__What the task asks__.
Taking the data below, please print only the lines from the line holding "Monarch Operator Manual" to the line holding "Бамбукови клечки за", inclusive, with pictures omitted.
┌─ Exercise inputs
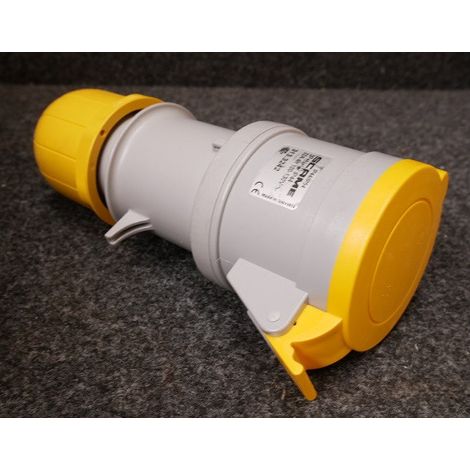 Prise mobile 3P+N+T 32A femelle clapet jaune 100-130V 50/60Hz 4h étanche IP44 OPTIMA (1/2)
└─
┌─ Exercise inputs
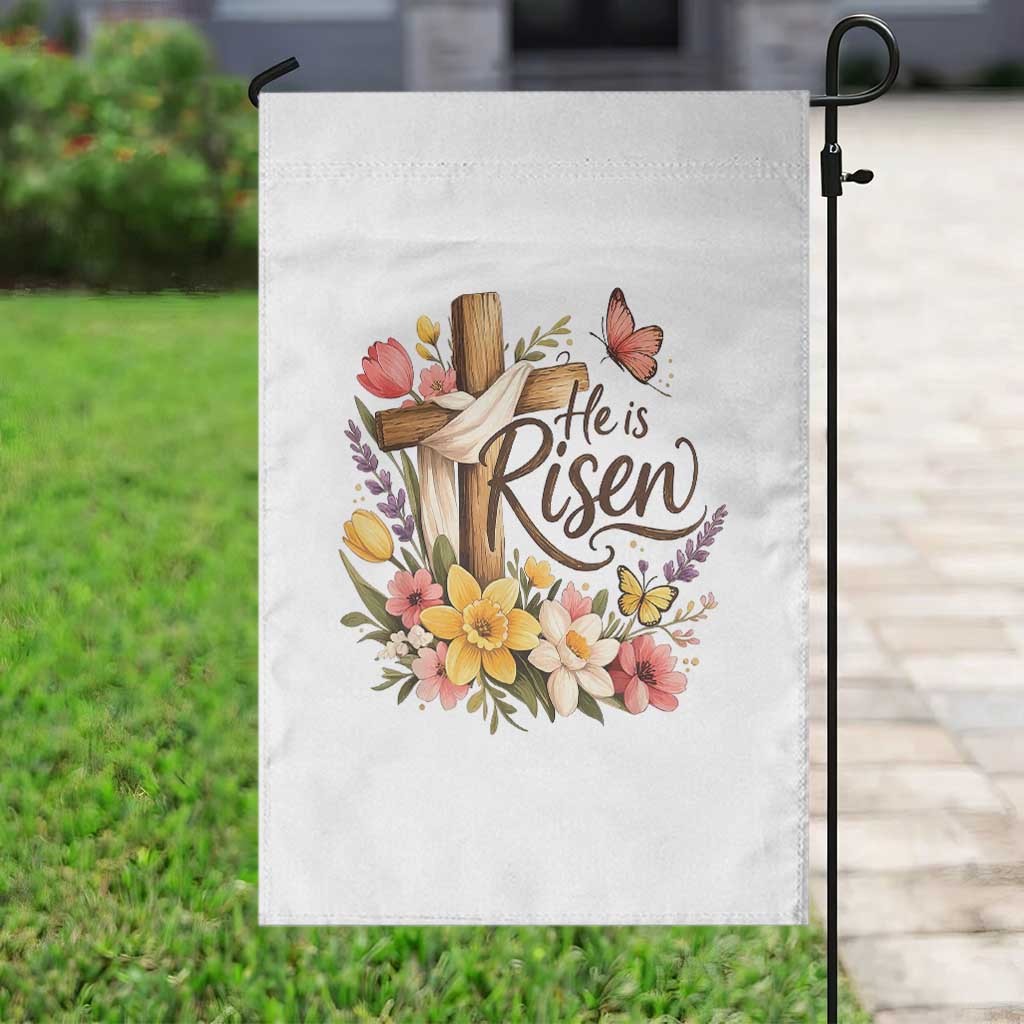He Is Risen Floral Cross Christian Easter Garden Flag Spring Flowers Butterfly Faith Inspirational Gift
└─
┌─ Exercise inputs
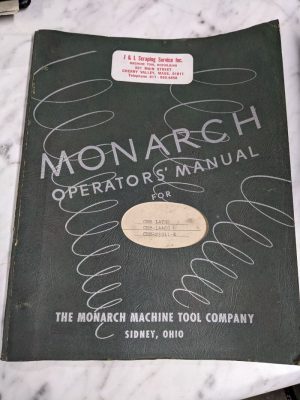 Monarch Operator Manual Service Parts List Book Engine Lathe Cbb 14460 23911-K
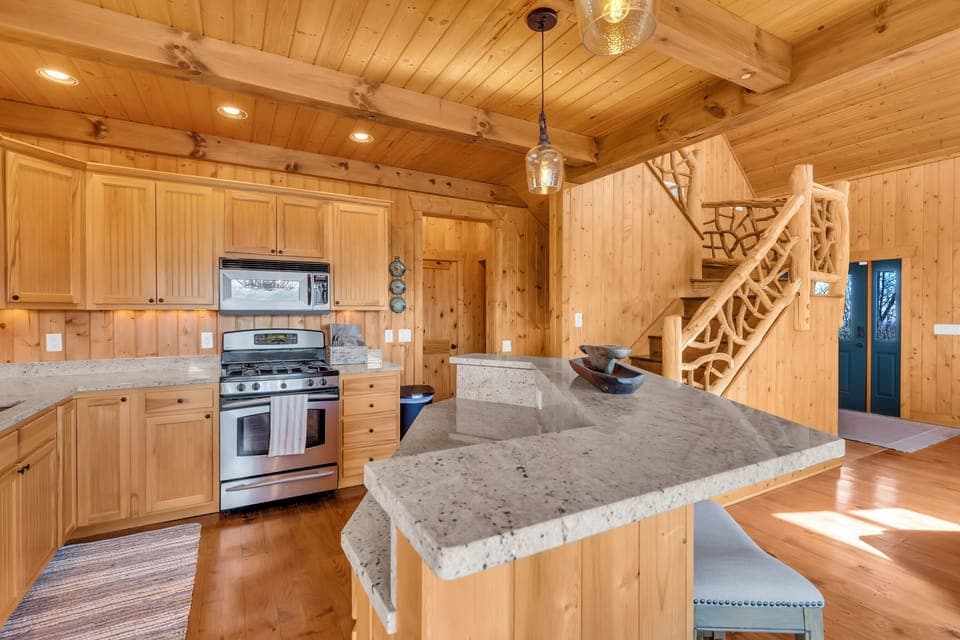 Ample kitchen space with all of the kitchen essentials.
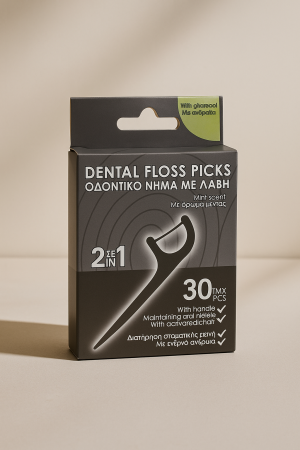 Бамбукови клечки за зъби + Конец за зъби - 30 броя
└─
__Reply__.
 Monarch Operator Manual Service Parts List Book Engine Lathe Cbb 14460 23911-K
 Ample kitchen space with all of the kitchen essentials.
 Бамбукови клечки за зъби + Конец за зъби - 30 броя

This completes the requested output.